Подобное есть и в «Подсолнечниках». Замечательная их особенность: будучи по существу декоративными, они в то же время обладают через край бьющей жизненностью. Посмотрим на полотно из Лондонской галереи. Ваза нарисована откровенно упрощенно, горизонт обозначен цветной полоской, фон светло-желтый, ровно закрашенный, не имеющий глубины, сами цветы решены почти силуэтно. Но два цветка с поникшими венчиками написаны иначе: в осязательном ракурсе, пластично, фактура их и форма точно передают реальные цветы подсолнечника[77]

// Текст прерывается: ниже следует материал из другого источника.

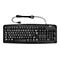 Schwarze Tastatur mit großen Tasten und weißer Beschriftung. USB-Kabel sichtbar.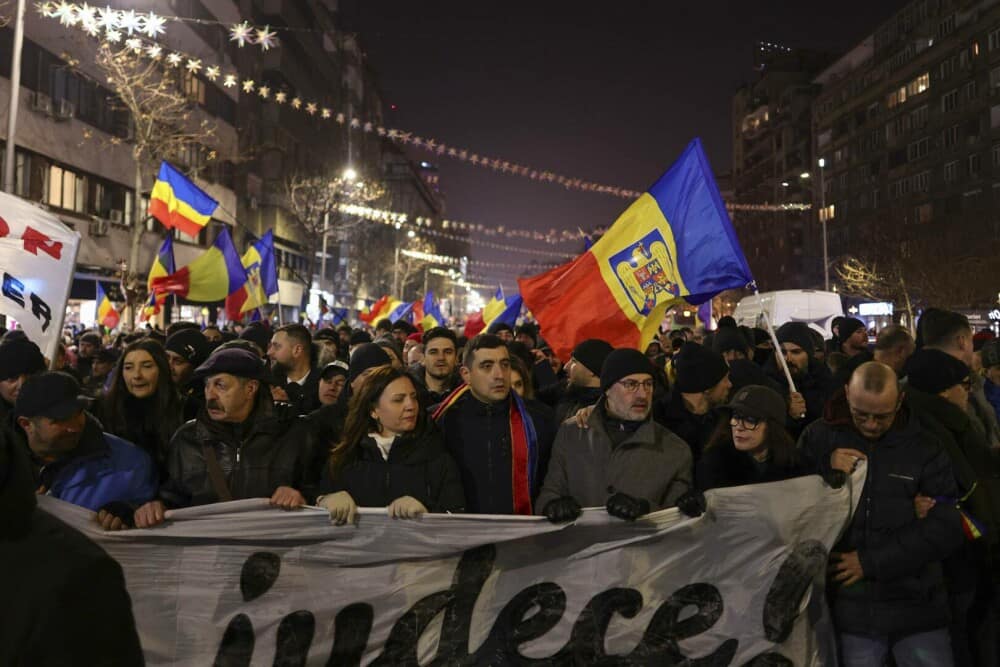 Protest &icirc;n București față de măsurile luate de Guvern. Traficul spre Piaţa Victoriei este blocat pe un sens | FOTO - Imaginea 4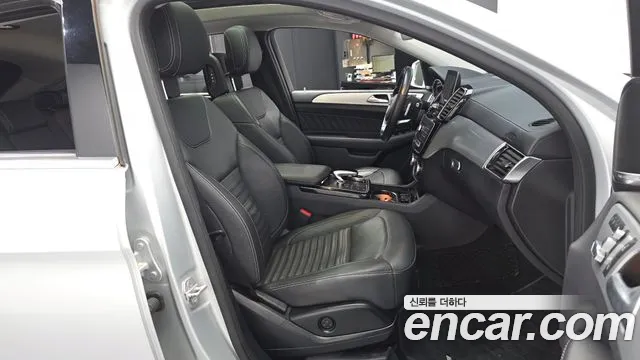 Mercedes-Benz GLE 2017 thumb 10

. В смысле экспрессии эти два естественных цветка, если рассматривать их отдельно, может быть, и уступают своим фантастически солнцеподобным собратьям. Но без них те, другие, смотрелись бы в чисто декоративном плане, как панно, и, значит, не производили бы столь властного впечатления «живого».Если натуральные частности даруют жизненную убедительность экспрессивной концепции картины, то она, в свою очередь, сообщает и этим частностям особый подтекст, как бы смысловое четвертое измерение. Те же подсолнечники: и обыкновенные и необыкновенные цветы соединены вместе в одной вазе, образуют одну семью, — кажется, что «обыкновенным» стоит лишь приподнять свои опущенные венчики, чтобы обрести огненную природу, которая в них дремлет. В картине «Дорога на Тараскон», где художник изобразил себя, идущего по дороге с мольбертом, роль камертона реальности принадлежит тени, которую отбрасывает фигура. Ее четкий силуэт на песке сразу создает почти физическое ощущение полдневного жара — наподобие того, как в известном описании Чехова одно только поблескивающее горлышко разбитой бутылки создает ощущение лунной ночи. Но эта же тень несет и экспрессивную функцию. Других теней на картине нет, деревья тени не отбрасывают. Эта единственная резкая тень утрированно «передразнивает» позу идущего. Она смотрится двойственно — и как просто тень, примета солнечного дня, и как неразлучный спутник художника, его двойник, «даймон», вечно гонящий дальше и дальше, не позволяя остановиться. («Куда б я шаг ни направлял, был некто в черном с нами рядом» — эти стихи Мюссе цитированы в письме к брату.)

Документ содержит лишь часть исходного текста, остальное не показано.